- Theatrical release poster
- Directed by: Wilhelm Thiele
- Screenplay by: Richard Maibaum Harry Ruskin
- Based on: Der mutige Seefahre by Georg Kaiser
- Produced by: Albert E. Levoy
- Starring: Frank Morgan Billie Burke Ann Rutherford John Shelton Reginald Owen Donald Meek
- Cinematography: Leonard Smith
- Edited by: William H. Terhune
- Music by: David Snell
- Color process: Black and white
- Production company: Metro-Goldwyn-Mayer
- Distributed by: Loew's Inc.
- Release date: March 8, 1940;
- Running time: 79 minutes
- Country: United States
- Language: English

= The Ghost Comes Home =

The Ghost Comes Home is a 1940 American comedy film directed by Wilhelm Thiele and written by Richard Maibaum and Harry Ruskin. The film stars Frank Morgan, Billie Burke, Ann Rutherford, John Shelton, Reginald Owen and Donald Meek. The film was released on March 8, 1940, by Metro-Goldwyn-Mayer.

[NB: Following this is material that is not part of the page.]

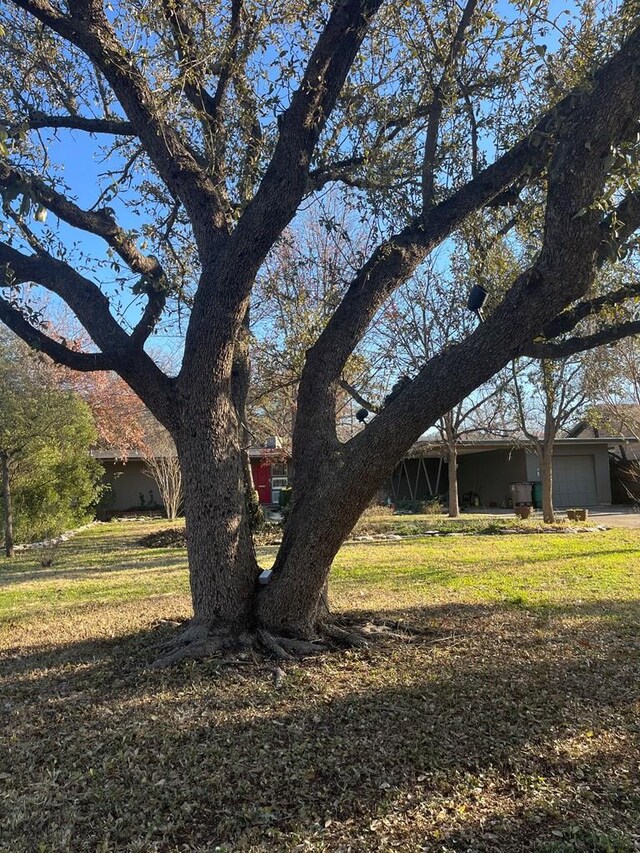 view of yard featuring a garage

It was based on a play by Georg Kaiser which had previously been made into the 1935 German film The Valiant Navigator by Hans Deppe.

==Plot==
Pet store owner Vern Adams is going to catch a ship to help out his friend John Thomas, however he still has time before it ships, so Vern goes to a nightclub and ends up being arrested for 60 days. When he gets out he finds out that the ship sank and that his family is using the insurance money. Now Vern hides out, so his family is not arrested for fraud.

==Cast==

- Frank Morgan as Vern Adams
- Billie Burke as Cora Adams
- Ann Rutherford as Billie Adams
- John Shelton as Lanny Shea
- Reginald Owen as Hemingway
- Donald Meek as Mortimer Hopkins, Sr.
- Nat Pendleton as Roscoe
- Frank Albertson as Ernest
- Harold Huber as Tony
- Hobart Cavanaugh as Ambrose Bundy
- Ann Morriss as Myra
- Don Castle as 'Spig'
- Tom Rutherford as Mortimer Hopkins, Jr.